“標山”チャレンジ・4:四合目~
「ねぇ、シルベヤマの攻略難しいんだけどー」
教室に行けば、そこに居たモモモに絡まれる。
「キョウゲツ手伝ってよー」
「いいけど、モモモは今どこ?」
「八合目」
「無理だねぇ。俺今六合目だから」
「は? さっさと上がって来いよ」
モモモは当然のような声音でそう言ってくる。逆になんでお前はそんなに進行早いんだよ。強いよ。すごいよ。
「上がれるならさっさと上がってんだよはっ倒すぞ」
「……ごめん」
彼女はしおれた様子で謝った。よく見れば、口元の端がにやけている。
「素直に謝られるとそれはそれでむかつくな」
「めんどくさいなぁ」
*
「次、私四合目からだから」
部屋の扉を叩く音に開けると、来訪者が居る。俺の部屋に訪れたミナモさんは、開口一番にそう言ってきた。
「あぁ、そうなんだ。頑張ってね」
「アオイくんも来てね」
「え? いや、俺は次六合―」
突然、ぐいと襟を引っ張られる。俺はつんのめり態勢が前に崩れ、バランス悪く前に屈んだ俺は、目の前に、まっすぐ俺を見上げる彼女の双眸を直に見る。彼女の平淡な声が俺の頭に響く。
「いっしょに来てね」
*
もう何度目かの景色。四合目の斜面にある横穴を出て、茂みの外に出ると、登山のためのルートに戻ってくる。そこは傾いた地面の森の中。
「今日は三人だねー」
と、ほんわかとした声が後ろから聞こえてくる。ワカバさんだ。にこにこと、柔和な笑みを浮かべて俺たちを眺めている。
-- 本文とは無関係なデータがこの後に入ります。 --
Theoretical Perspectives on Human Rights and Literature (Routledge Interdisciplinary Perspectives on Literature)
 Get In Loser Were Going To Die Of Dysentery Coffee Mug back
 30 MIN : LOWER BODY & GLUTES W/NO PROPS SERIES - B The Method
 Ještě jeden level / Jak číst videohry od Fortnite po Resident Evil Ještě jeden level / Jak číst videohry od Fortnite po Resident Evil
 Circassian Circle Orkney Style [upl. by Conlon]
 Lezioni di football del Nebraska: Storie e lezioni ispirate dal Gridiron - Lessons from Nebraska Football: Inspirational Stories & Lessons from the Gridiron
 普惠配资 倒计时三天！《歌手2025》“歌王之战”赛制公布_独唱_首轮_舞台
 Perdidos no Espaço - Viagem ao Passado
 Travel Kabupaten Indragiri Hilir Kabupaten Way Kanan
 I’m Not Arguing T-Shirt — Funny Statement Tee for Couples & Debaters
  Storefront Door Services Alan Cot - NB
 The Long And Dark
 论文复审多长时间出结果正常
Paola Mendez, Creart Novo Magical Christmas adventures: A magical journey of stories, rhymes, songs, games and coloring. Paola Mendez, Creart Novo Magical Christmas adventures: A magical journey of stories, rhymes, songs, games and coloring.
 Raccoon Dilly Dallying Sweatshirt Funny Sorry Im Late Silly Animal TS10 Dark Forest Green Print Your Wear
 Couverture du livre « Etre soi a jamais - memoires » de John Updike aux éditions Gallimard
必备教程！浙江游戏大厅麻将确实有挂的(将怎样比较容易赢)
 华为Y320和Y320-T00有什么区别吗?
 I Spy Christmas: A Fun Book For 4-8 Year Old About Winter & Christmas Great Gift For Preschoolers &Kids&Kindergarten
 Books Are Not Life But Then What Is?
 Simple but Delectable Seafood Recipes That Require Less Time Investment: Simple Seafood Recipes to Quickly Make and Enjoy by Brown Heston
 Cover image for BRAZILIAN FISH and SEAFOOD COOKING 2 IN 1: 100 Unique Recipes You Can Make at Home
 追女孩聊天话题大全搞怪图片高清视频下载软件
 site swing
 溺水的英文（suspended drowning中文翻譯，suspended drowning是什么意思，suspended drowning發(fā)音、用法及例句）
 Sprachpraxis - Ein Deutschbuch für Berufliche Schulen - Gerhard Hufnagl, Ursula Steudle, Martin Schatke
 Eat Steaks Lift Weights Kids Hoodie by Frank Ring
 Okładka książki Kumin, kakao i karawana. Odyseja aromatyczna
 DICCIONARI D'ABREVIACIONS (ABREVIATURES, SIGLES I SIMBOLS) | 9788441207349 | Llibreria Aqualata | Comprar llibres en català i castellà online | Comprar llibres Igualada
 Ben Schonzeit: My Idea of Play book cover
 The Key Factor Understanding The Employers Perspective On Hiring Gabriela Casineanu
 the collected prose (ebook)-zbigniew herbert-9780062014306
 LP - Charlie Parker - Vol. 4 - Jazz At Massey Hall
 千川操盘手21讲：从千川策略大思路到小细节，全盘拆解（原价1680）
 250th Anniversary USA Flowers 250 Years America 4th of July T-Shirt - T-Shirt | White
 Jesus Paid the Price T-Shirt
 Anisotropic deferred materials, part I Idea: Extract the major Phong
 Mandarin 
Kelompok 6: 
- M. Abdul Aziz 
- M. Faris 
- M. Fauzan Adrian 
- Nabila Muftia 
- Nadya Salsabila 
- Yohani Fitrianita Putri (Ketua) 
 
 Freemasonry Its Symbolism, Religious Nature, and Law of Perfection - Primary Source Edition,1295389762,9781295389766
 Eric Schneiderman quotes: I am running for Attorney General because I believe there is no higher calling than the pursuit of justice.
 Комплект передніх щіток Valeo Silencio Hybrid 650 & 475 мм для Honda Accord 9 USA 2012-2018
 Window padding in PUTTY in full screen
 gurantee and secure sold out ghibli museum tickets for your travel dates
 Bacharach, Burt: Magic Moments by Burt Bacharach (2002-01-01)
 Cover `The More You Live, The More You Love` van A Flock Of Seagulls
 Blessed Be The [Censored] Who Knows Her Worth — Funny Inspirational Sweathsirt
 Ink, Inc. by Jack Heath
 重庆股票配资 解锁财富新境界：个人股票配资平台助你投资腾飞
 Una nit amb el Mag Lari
「キョウゲツくんも付いて来てくれるなんて、頼もしいね!」
ワカバさんはそんな嬉しいことを言ってくる。喜んでくれるのはいいが……俺はそんなに強くない。俺は彼女の期待に応えられるだろうか? まぁ居ないよりマシか。
と、ミナモさんが隣から言ってくる。
「別に頼もしくないよ」
「“別に頼もしくない”は違うよな?」
「わたしお弁当持って来たよ!」
ワカバさんから元気な声が聞こえてくる。
「ほんと? 楽しみ!」
「アオイくんの分無いよ」
「なんで俺の分無いんだよ」
「ちゃんとあるよー」
生い茂った木々の下、ひたすらに登っていく山道。
道というか、こういう普段人の立ち入らない異界の“道”には、“釘”と呼ばれる特殊な道具が、道中の木や岩、地面に打ち込まれている。俺たちは、”釘”を探知できる専用の道具を用いて、“釘”を辿って進んでいくのだ。人通りが多ければそこが道になる。このシルベヤマには、いくつかの“道”が開拓されている。
前回六合目までに通ったのは、一番きついが一番短いルート。今回ミナモさんたちが選んだのは、一番簡単で遠回りなルート。今回の歩く距離は長いが、傾斜がそんなでもなく、道の難易度も低いので、適当に歩きながらでも進むことが出来る。移りゆく景色を楽しむ余裕もある。
「ねぇ見て見て、ここちっちゃい沢があるよー」
先導するワカバさんが道の脇に逸れ、屈んで何かを指し示している。
「ほんとだ。カニも居る!」
ミナモさんも近づき、二人は屈んで、森の中を流れる小さな水の流れを観察しているようだ。平和だな今回。
「可愛いねー」
「食べれるかなー?」
「捕食者視点」
さすがに三回目の行程とあって、特に障害もなく、俺たちは無事に六合目まで辿り着いた。